Qui est en marge (marge = espace blanc autour du texte)? Nous sommes complètement dans le système, et même nous nous en servons au maximum. Nous sommes une minorité? Absolument, et aucun d'entre nous n'a l'ambition de rejoindre la Majorité. Nous ne comprenons pas l'argument: « Mon gosse ira à l'école comme tout le monde. » L'enfant a-t-il aussi été baptisé à ce titre? Fera-t-il son service militaire ou la guerre pour la même irréfutable raison? Se mariera-t-il et écoutera-t-il R.T.L. pour faire comme tout le monde? 
Ne pas faire comme tout le monde, est-ce de l'individualisme petit-bourgeois? L'extrême-gauche est-elle à ce point culpabilisée de ses échecs auprès de la classe ouvrière qu'elle revendique le droit pour ses enfants de se taire « comme tout le monde » ? 
Est-ce être marginal que de considérer le travail auquel nous sommes contraints pour vivre comme une malédiction (Bible, Genèse III, 17-18-19)? Oui, beaucoup d'entre nous s'arrangent pour avoir le temps de faire les choses qu'ils aiment et nous sommes persuadés que nos enfants se débrouilleront aussi bien que nous. Qui sait?
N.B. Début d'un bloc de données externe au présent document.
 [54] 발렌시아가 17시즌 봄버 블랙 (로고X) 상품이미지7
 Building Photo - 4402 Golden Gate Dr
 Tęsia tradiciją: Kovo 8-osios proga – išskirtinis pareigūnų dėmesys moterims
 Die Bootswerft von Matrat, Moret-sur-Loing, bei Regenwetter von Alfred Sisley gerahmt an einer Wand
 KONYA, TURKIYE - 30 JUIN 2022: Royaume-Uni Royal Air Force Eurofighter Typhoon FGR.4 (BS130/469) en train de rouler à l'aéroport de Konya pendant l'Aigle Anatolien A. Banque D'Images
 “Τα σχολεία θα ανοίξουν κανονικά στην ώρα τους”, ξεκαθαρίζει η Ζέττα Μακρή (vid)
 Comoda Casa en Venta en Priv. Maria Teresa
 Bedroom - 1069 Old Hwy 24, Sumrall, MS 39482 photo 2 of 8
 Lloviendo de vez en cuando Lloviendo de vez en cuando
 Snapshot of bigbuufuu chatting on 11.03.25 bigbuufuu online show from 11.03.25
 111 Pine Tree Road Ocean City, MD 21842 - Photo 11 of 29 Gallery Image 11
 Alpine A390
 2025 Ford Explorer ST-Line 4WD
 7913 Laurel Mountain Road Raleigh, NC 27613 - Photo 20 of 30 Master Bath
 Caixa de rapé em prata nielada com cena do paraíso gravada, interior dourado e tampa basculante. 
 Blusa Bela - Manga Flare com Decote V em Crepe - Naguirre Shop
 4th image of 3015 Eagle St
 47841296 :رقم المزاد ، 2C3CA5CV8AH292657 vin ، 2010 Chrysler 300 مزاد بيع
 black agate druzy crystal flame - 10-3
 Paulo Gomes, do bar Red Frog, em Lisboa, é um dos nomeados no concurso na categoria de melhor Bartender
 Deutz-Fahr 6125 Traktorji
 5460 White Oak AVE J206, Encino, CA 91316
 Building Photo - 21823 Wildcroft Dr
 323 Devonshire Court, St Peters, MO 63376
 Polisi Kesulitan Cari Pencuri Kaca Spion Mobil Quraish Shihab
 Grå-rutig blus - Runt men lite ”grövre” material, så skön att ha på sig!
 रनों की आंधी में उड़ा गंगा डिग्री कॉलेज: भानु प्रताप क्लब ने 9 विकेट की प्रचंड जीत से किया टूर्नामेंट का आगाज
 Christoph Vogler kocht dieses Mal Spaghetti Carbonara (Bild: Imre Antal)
Ils feront peut-être même des « études» dans un enseignement supérieur, traditionnel ou non, car nous n'avons pas encore dit notre dernier mot sur le chapitre de la formation dite professionnelle. Pour le moment, nous acquérons patiemment, enfants et adultes, un certain goût de l'autonomie et une solide confiance en nous, et nous apprendrons ce que nous voudrons. En jouant votre jeu ou non d'ailleurs, selon ce qui nous arrangera. 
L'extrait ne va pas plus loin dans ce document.